Equity, the second largest bank, will pay an Sh89.5 million fine for its role in aiding the transfer of Sh886 million or 10.1 per cent of the NYS flows. The bank earns the fine in about two days.

“We emphasise that at this point no penalty has been imposed by the Central Bank of Kenya,” said the bank, pledging to respond to the issues with CBK.

StanChart will pay Sh77.5 million despite handling the largest sum of Sh1.6 billion, indicating that the lender’s internal control processes and compliance standards may have been strong enough to warrant a lighter punishment. For StanChart, the penalty is equivalent to giving up four days’ worth of profits.

If the regulator’s actions stand unchallenged, DTB will pay Sh56 million or 34.5 per cent of the Sh162 million it handled. The fine amounts to the largest disgorgement rate among the five institutions. DTB earns the penalty in about three days.

Co-op Bank has been hit with the smallest fine of Sh20 million, representing 7.6 per cent of the Sh263 million NYS deposits it received. It needs half a day to pay the fine.

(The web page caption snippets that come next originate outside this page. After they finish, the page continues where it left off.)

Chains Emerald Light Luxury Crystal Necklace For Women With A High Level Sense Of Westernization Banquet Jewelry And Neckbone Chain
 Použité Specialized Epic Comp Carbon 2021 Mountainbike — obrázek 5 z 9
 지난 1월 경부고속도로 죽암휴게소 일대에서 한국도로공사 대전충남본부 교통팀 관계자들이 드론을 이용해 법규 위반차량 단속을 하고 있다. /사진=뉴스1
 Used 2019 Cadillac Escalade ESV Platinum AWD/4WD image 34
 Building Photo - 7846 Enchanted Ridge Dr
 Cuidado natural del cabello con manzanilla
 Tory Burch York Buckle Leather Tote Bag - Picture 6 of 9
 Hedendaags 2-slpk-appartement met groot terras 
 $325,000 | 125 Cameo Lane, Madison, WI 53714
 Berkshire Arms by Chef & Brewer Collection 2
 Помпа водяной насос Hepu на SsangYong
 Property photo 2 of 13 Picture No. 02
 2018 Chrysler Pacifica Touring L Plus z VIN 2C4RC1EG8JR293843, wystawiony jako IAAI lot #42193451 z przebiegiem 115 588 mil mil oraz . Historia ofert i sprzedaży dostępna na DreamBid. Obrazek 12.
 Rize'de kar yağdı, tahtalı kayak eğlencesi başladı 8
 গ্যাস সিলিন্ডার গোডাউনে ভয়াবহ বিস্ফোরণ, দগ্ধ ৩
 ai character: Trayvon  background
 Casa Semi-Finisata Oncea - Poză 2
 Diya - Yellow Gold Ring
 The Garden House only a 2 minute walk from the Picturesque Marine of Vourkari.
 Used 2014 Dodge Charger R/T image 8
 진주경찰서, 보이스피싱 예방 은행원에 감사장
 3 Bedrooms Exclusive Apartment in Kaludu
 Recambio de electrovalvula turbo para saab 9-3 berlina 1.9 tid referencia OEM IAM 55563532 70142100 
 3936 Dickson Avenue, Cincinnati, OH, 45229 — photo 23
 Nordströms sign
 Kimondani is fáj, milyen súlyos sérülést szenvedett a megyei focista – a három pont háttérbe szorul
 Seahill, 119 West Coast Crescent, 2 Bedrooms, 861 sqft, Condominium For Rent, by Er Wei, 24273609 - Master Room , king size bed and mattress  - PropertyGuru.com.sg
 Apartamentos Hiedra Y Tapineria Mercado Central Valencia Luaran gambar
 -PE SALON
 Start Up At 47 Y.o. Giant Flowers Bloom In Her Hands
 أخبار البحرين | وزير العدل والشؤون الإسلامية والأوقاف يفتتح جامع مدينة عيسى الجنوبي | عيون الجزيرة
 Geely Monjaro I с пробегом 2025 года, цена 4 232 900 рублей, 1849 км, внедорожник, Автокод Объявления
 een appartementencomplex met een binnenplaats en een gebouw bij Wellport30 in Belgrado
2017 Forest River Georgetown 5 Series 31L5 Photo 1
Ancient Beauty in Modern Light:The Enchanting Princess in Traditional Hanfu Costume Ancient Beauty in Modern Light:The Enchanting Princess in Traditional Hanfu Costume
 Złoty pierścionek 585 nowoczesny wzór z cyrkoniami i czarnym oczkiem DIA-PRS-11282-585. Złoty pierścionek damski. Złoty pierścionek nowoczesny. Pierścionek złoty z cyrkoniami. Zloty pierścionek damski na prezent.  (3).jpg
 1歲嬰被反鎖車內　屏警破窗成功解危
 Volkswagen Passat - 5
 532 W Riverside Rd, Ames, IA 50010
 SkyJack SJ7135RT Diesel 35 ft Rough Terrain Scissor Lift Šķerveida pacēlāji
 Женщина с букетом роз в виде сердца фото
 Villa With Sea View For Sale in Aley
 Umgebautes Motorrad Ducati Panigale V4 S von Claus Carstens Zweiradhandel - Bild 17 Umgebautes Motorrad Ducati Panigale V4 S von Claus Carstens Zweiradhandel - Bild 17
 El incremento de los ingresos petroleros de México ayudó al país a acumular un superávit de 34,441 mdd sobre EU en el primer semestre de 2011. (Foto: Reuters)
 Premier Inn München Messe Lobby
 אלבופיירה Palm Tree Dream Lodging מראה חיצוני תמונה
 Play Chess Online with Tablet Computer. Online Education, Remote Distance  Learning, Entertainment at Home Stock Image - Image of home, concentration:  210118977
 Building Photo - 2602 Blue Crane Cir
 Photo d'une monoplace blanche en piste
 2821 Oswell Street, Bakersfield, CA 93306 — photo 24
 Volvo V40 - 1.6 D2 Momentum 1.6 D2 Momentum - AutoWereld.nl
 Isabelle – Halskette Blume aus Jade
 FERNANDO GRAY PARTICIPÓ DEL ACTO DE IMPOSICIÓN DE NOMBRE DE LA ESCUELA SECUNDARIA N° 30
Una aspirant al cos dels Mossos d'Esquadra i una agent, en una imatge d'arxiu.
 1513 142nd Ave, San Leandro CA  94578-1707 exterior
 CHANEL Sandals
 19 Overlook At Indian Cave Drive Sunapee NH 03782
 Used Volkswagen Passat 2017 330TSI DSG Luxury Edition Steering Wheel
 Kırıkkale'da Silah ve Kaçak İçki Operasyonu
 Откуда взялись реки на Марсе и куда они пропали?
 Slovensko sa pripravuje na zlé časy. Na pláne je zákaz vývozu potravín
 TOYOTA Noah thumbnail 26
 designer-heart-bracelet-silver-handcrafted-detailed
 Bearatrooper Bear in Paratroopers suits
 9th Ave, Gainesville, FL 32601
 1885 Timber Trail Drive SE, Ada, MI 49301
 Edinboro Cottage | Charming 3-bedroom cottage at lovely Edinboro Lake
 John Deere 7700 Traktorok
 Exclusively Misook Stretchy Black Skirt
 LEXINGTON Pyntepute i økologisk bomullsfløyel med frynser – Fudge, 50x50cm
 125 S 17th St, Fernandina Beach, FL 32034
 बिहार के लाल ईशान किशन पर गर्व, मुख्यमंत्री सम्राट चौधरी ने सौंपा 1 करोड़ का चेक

The CBK said the institutions were penalised for breaking banking laws, including failure to report large cash transactions, failure to undertake adequate customer due diligence, lack of supporting documentation for large transactions, and lapses in the reporting of suspicious transaction to the Financial Reporting Centre (FRC).

The CBK said it had imposed the fines upon conclusion of the first phase of investigations, adding that more institutions will be identified and investigated in the near future.

The CBK said it had initially focused on the five banks because they handled the largest amounts in the NYS scam where individuals and companies were paid without delivering goods or services.

The regulator says it has discussed its findings with the boards and senior management of the banks, adding that each has expressed strong commitment to be fully compliant on all aspects of the law and to address the identified lapses through time-bound action plans.

The remedial action plans are to be submitted to CBK within 14 days. CBK says it will work with all other banks to ensure that the findings are also applied to strengthen rules combating financing of terrorism and money laundering.

Besides the financial penalty, the named banks have suffered reputational damage from CBK’s rare name and shame campaign.